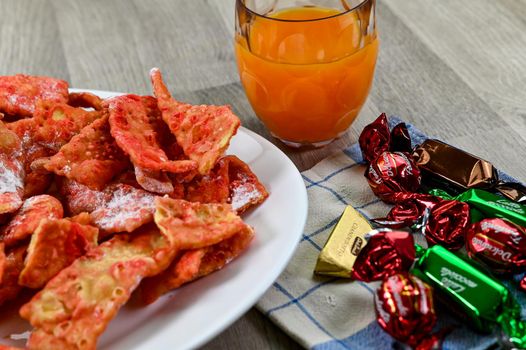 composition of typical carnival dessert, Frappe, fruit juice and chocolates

##############################

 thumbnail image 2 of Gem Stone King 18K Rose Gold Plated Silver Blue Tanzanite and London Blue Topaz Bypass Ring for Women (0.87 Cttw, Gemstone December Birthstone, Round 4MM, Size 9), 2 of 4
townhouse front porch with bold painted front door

##############################

**WORK TASK**.
In the listing above, find the line containing "thumbnail image 2" and the line containing "townhouse front porch". Output them and every line between, exactly, and nothing else.

**FINAL ANSWER**.
 thumbnail image 2 of Gem Stone King 18K Rose Gold Plated Silver Blue Tanzanite and London Blue Topaz Bypass Ring for Women (0.87 Cttw, Gemstone December Birthstone, Round 4MM, Size 9), 2 of 4
townhouse front porch with bold painted front door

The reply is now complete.